The suit filed on behalf of the respondent was dismissed by the Trial Court.
That judgment was affirmed by the Court of Appeal. However, on second appeal
being filed on behalf of the said respondent, the High Court came to the
conclusion that the ceiling and restriction imposed by Article 276 (2) of the
Constitution, as applicable to the State, any municipal, district board, local
board or other local authority within such State in respect of imposition of
taxes on professions, trades and callings, was applicable even on the Board
which had been established under the aforesaid Cantonments Act. On that finding
the notification was declared to be invalid being hit by Article 276 (2) of the
Constitution.
Section
3 of the Cantonments Act provides that the Central Government may, by
notification in the Official Gazette, declare any place or places in which any
part of the Forces is quartered or which, being in the vicinity of any such
place or places, is or are required for the service of such forces to be a
cantonment for the purposes of the said Act and may by a like notification,
declare that any cantonment shall cease to be a cantonment. In view of sub-
section (4) of Section 3 Central Government may, by notification in the
Official Gazette, direct that any place declared a cantonment under sub-section
(1) the provisions of any enactment relating to local self-Government other
than this Act shall have effect only to such extent or subject to such
modifications, or that any authority constituted under any such enactment shall
exercise authority only to such extent, as may be specified in the notification.

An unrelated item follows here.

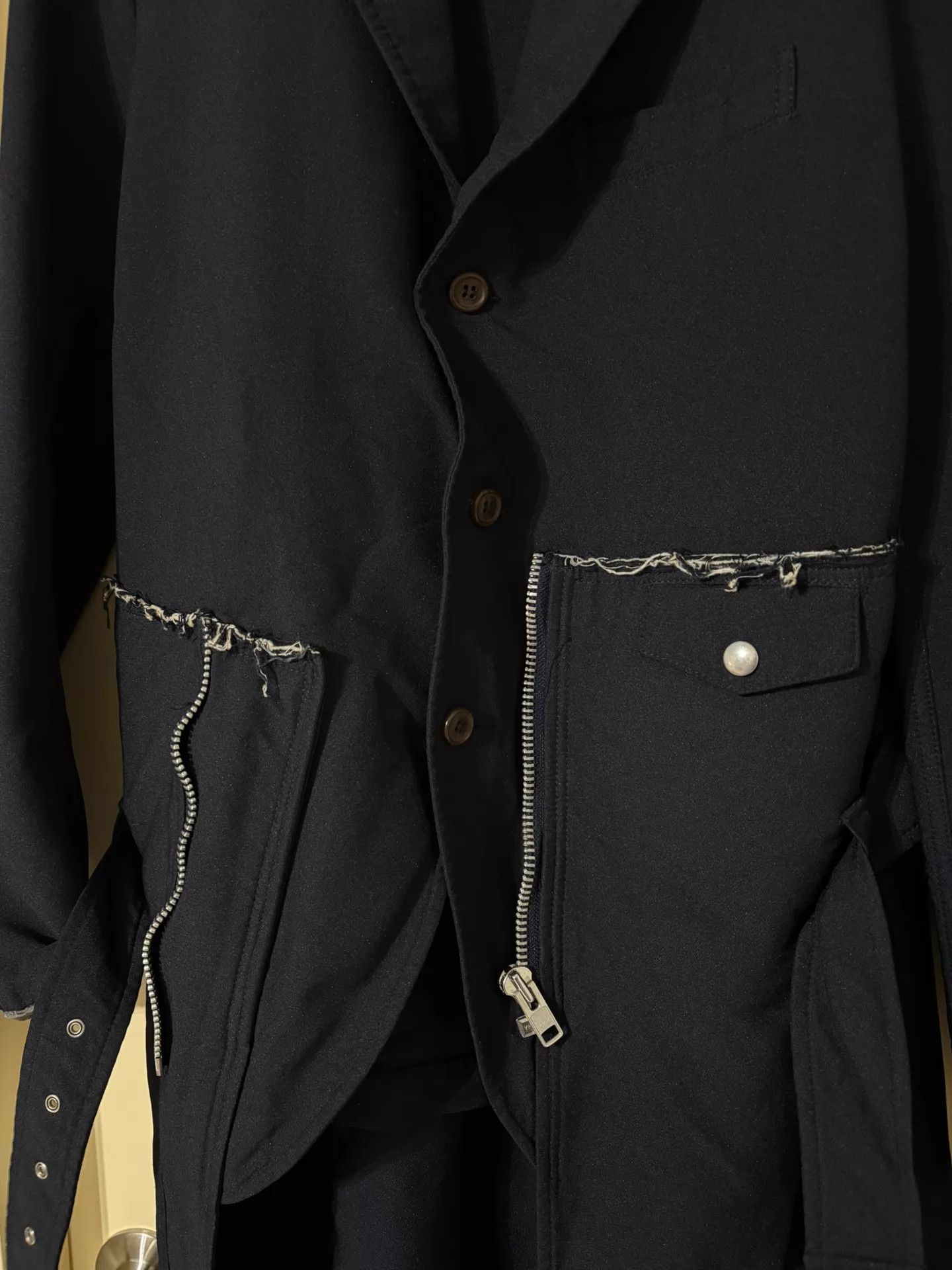 Comme des Garcons CDG Homme Plus AW13 Napped Structured Overcoat M Size US M / EU 48-50 / 2 - 7 Thumbnail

Section 6 provides that when by a notification under Section 3, any cantonment
ceases to be a cantonment, the local area comprised therein shall immediately
be placed under the control of a local authority, the balance of the cantonment
fund and other property vesting in the Board shall also vest in such local
authority, and the liabilities of the Board shall be transferred to such local
authority.
Similarly,
Sections 7 and 8 make provisions in respect of cantonment fund and its property
which is placed under the control of some other local authority, in view of the
notification under Section 4, because of which any local area forming part of
cantonment ceases to be under the control of a particular Board. Section 60 of
the Cantonments Act provides:
"General
power of taxation –
(1)
The Board may, with the previous sanction of the Central Government, impose in
any cantonment any tax which under any enactment for the time being in force,
may be imposed in any municipality in the State wherein such cantonment is
situated:
(2)
Any tax imposed under this section shall take effect from the date of its
notification in the Official Gazette or where any later date is specified in
this behalf in the notification, from such later date.
Because
of aforesaid Section 60 the Board may with previous sanction of the Central
Government impose in any cantonment, any tax `which under any enactment for the
time being in force, may be imposed in any municipality in the State where such
cantonment is situated'. For imposing any tax in exercise of the power under
Section 60, two conditions have to be fulfilled and complied with (i) there
must be a previous sanction of the Central Government to impose such tax and
(ii) the tax to be imposed must be such which under any enactment for the time
being in force may be imposed in any municipality in the State wherein such
cantonment is situated.
So far
the municipality within any State is concerned, its power to impose a tax in
respect of professions, trades or callings is governed and controlled by
Article 276 of the Constitution, which says:
"Taxes
on professions, trades, callings and employments - (1) Notwithstanding anything
in article 246, no law of the Legislature of a State relating to taxes for the
benefit of the State or of a municipality, district board, local board or other
local authority therein in respect of professions, trades, callings or
employments shall be invalid on the ground that it relates to a tax on income.
(2)
The total amount payable in respect of any one person to the State or to any
one municipality, district board, local board or other- local authority in the
State by way of taxes on professions, trades, callings and employments shall
not exceed two thousand and five hundred rupees per annum.
(3)
The power of the Legislature of a State to make laws as aforesaid with respect
to taxes on professions, trades, callings and employments shall not be
construed as limiting in any way the power of Parliament to make laws with
respect to taxes on income accruing from or arising out of professions, trades,
callings and employments." There is a non-obstante clause in Article 276
(1) of the Constitution saying that notwithstanding anything contained in
Article 246 no law made by the legislature of a State relating to taxes for the
benefit of the State or of a municipality, district board, local board, or
other local authority therein in respect of professions, tradings, callings or
employments shall be invalid on the ground that it relates to a tax on income.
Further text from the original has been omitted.